Elizabeth R Sunderhaus¹, Doris Kretzschmar²

Affiliations

¹ Oregon Institute of Occupational Health Sciences, Oregon Health & Sciences University.
² Oregon Institute of Occupational Health Sciences, Oregon Health & Sciences University; kretzsch@ohsu.edu.

PMID: 28060320
PMCID: PMC5226413
DOI: 10.3791/54809

Mass Histology to Quantify Neurodegeneration in Drosophila

Elizabeth R Sunderhaus et al. J Vis Exp. 2016.

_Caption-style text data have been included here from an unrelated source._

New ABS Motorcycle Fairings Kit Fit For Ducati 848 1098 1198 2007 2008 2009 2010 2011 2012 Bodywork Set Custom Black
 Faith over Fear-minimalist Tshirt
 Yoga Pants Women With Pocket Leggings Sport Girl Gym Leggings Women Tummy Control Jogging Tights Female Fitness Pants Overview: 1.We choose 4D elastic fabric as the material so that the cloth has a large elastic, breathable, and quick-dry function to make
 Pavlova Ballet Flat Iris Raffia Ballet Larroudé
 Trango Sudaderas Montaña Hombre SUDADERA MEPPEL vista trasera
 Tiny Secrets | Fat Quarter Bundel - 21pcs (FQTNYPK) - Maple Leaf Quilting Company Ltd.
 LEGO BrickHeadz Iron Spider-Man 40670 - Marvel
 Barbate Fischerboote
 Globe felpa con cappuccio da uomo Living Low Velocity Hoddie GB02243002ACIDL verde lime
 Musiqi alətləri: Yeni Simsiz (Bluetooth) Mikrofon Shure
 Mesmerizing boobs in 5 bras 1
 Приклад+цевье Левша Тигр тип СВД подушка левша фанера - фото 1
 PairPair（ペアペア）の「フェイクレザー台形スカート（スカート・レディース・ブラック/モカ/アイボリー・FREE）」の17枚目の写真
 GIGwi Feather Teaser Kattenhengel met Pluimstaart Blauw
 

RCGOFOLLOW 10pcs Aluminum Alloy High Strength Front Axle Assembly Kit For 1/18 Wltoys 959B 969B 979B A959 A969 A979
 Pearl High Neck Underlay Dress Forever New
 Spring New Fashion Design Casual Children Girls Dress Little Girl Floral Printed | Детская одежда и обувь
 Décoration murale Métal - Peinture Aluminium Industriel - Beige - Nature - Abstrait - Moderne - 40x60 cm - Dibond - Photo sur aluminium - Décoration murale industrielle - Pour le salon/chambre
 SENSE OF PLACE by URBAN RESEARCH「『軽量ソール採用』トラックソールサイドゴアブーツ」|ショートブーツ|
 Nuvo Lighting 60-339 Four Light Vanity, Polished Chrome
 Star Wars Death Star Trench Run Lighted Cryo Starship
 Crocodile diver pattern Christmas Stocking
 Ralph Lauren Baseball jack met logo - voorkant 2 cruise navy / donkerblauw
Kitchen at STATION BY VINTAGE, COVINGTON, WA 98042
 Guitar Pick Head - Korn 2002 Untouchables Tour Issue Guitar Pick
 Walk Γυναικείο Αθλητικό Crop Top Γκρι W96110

. 2016 Dec 15:(118):54809.

doi: 10.3791/54809.

Authors

Elizabeth R Sunderhaus¹, Doris Kretzschmar²

Affiliations

¹ Oregon Institute of Occupational Health Sciences, Oregon Health & Sciences University.
² Oregon Institute of Occupational Health Sciences, Oregon Health & Sciences University; kretzsch@ohsu.edu.

PMID: 28060320
PMCID: PMC5226413
DOI: 10.3791/54809

Abstract

Progressive neurodegenerative diseases like Alzheimer's disease (AD) or Parkinson's disease (PD) are an increasing threat to human health worldwide. Although mammalian models have provided important insights into the underlying mechanisms of pathogenicity, the complexity of mammalian systems together with their high costs are limiting their use. Therefore, the simple but well-established Drosophila model-system provides an alternative for investigating the molecular pathways that are affected in these diseases. Besides behavioral deficits, neurodegenerative diseases are characterized by histological phenotypes such as neuronal death and axonopathy. To quantify neuronal degeneration and to determine how it is affected by genetic and environmental factors, we use a histological approach that is based on measuring the vacuoles in adult fly brains. To minimize the effects of systematic error and to directly compare sections from control and experimental flies in one preparation, we use the 'collar' method for paraffin sections. Neurodegeneration is then assessed by measuring the size and/or number of vacuoles that have developed in the fly brain. This can either be done by focusing on a specific region of interest or by analyzing the entire brain by obtaining serial sections that span the complete head. Therefore, this method allows one to measure not only severe degeneration but also relatively mild phenotypes that are only detectable in a few sections, as occurs during normal aging.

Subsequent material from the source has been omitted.